Clark v. Susquehanna Valley Central School District

Rose, J.

Appeal from an order of the Supreme Court (Tait, J.), entered April 23, 2004 in Broome County, which denied defendant’s motion for summary judgment dismissing the complaint.

Rebecca Clark, then a ninth-grade student at defendant’s junior high school, was injured during a physical education class when she fell and hit her chin on the gymnasium floor while *927riding on a small four-wheeled scooter being pushed by another student in a relay race. Plaintiff, individually and as Clark’s parent, then commenced this action, alleging negligent supervision on the part of defendant. Supreme Court denied defendant’s motion for summary judgment dismissing the complaint, prompting this appeal.

A school district is obligated to adequately supervise the students in its care and may be held liable for foreseeable injuries proximately related to inadequate supervision (see Mirand v City of New York, 84 NY2d 44, 49 [1994]; Doe v Board of Educ. of Morris Cent. School, 9 AD3d 588, 589-590 [2004]). The standard for determining whether a school district has breached this duty is to compare its supervision to that of “a parent of ordinary prudence placed in the identical situation and armed with the same information” (Mary KK. v Jack LL., 203 AD2d 840, 841 [1994]; see Mirand v City of New York, supra at 49; Dia CC. v Ithaca City School Dist., 304 AD2d 955, 956 [2003], lv denied 100 NY2d 506 [2003]).

In support of its motion, defendant relied on the depositions of two physical education instructors who were in the gym at the time of this accident. The instructors testified that scooter racing was part of the school’s physical education curriculum, Clark and the other students had been instructed as to the proper way to use the scooters and both instructors were supervising the students when Clark fell. One instructor testified that she witnessed the accident, she did not see another scooter collide with Clark’s scooter, and Clark was sitting cross-legged, rather than kneeling, on her scooter. She stated that Clark suddenly stopped and the student who had been pushing her scooter from behind then fell onto her, forcing Clark to the floor. By showing that Clark’s injuries resulted from a fall during a supervised school activity that was caused by a sudden act of a student and not by any lack of supervision, defendant established its prima facie entitlement to judgment as a matter of law (see Siegell v Herricks Union Free School Dist., 7 AD3d 607, 609 [2004]; Jennings v Oceanside Union Free School Dist, 279 AD2d 507, 508 [2001]; Matter of Banks v City School Dist. of Albany, 257 AD2d 723, 724 [1999]).

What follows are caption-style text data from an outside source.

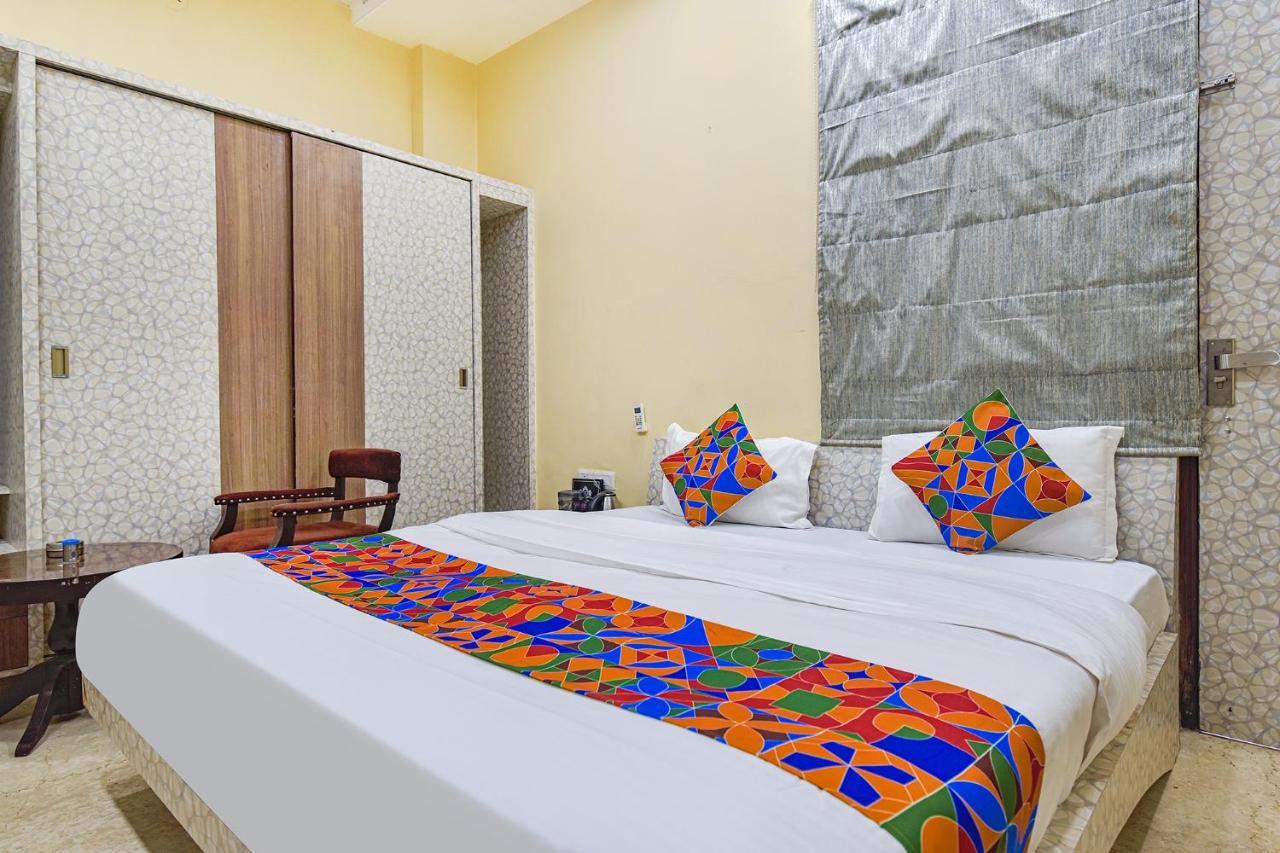 Hotel O The Castle Home Stay Inn ชัยปุระ ภายนอก รูปภาพ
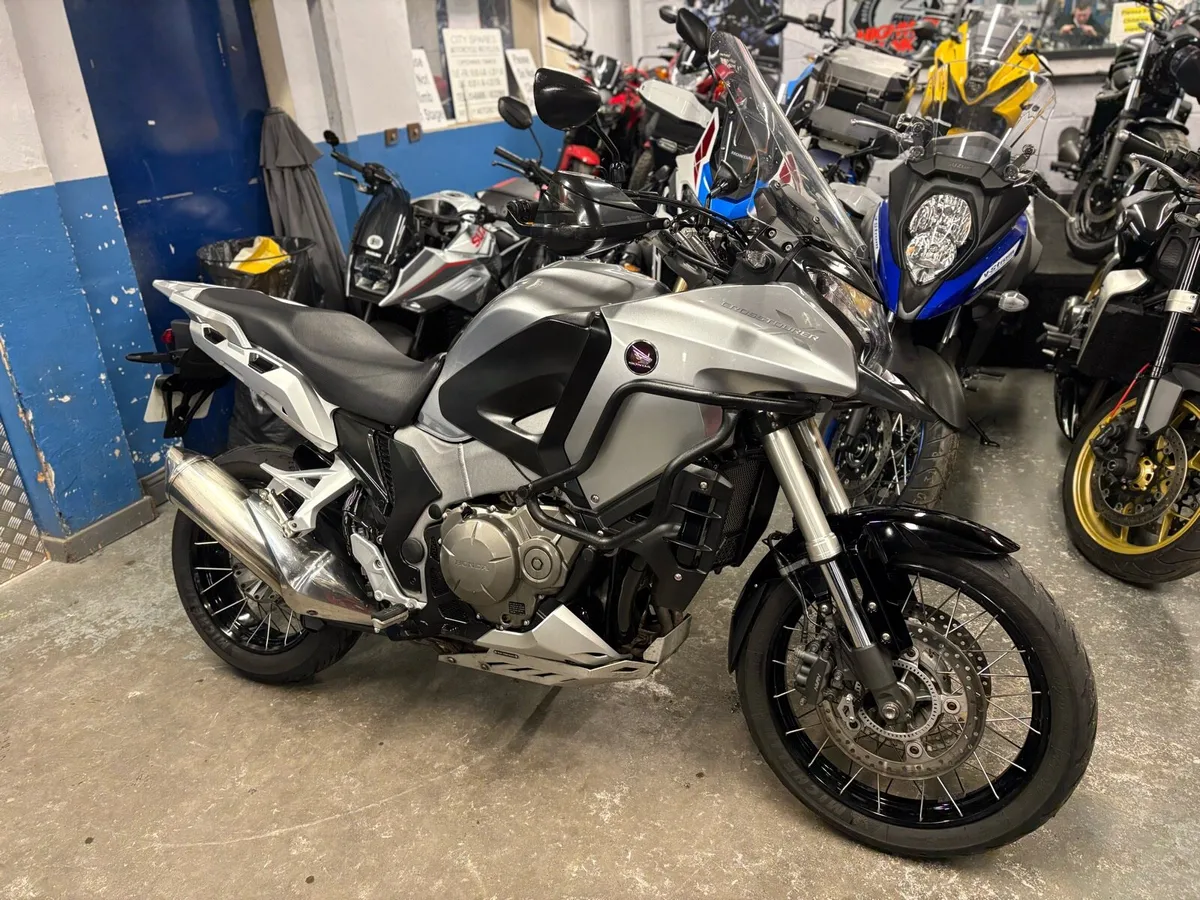 2012 Honda Crosstourer 1200. - Image 2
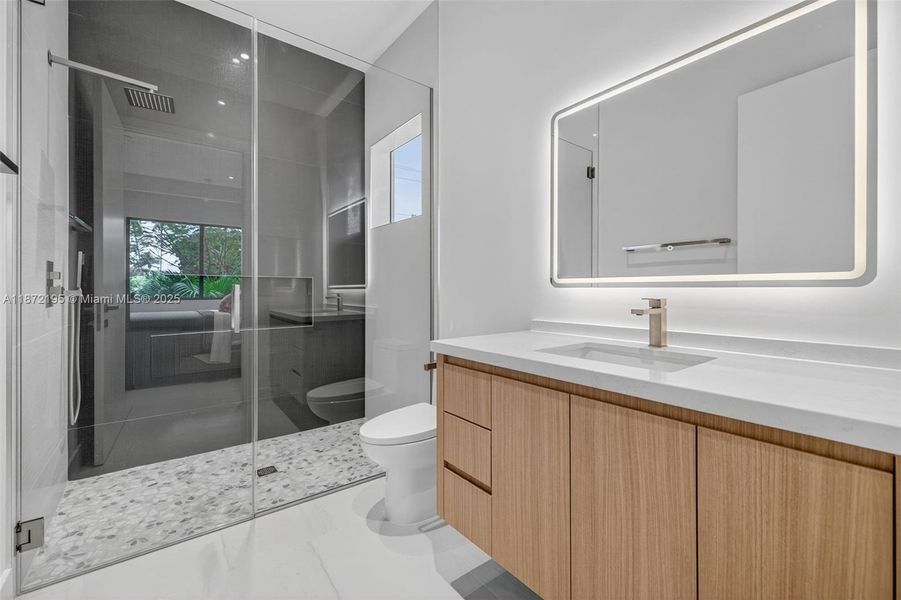 3rd Suite w/walk in closet & bath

Plaintiffs opposition to defendant’s motion for summary judgment included the deposition testimony and affidavit of Clark, who testified that she had been kneeling on the scooter, a mode of riding that the other instructor said was unsafe and, if observed, would have been stopped. Clark also stated that the accident occurred because another scooter ran into her scooter. By affidavit, two students in Clark’s class asserted that they *928had been given minimal instructions about the scooter racing. The conflicting testimony as to the instructions given and whether Clark was kneeling on the scooter raises questions of fact material to whether defendant’s instructors failed to give appropriate instructions and correct an improper mode of riding. Since defendant now does not deny that a collision occurred, the first instructor’s admission that she did not observe it also raises questions of fact material to whether defendant’s instructors were properly observing the scooter racing, took reasonable steps to prevent collisions and could have prevented the collision that occurred here if the actions leading up to it had been observed. These questions preclude a finding, as a matter of law, that defendant’s supervision was adequate and not a proximate cause of Clark’s injuries (see Shoemaker v Whitney Point Cent. School Disk, 299 AD2d 719, 720 [2002], lv dismissed 99 NY2d 610 [2003]; Vonungern v Morris Cent. School, 240 AD2d 926, 926-927 [1997]; Dennis v City of New York, 205 AD2d 577, 578 [1994]). Accordingly, Supreme Court did not err in denying defendant’s motion.

Peters, J.P., Spain, Mugglin and Kane, JJ., concur. Ordered that the order is affirmed, with costs.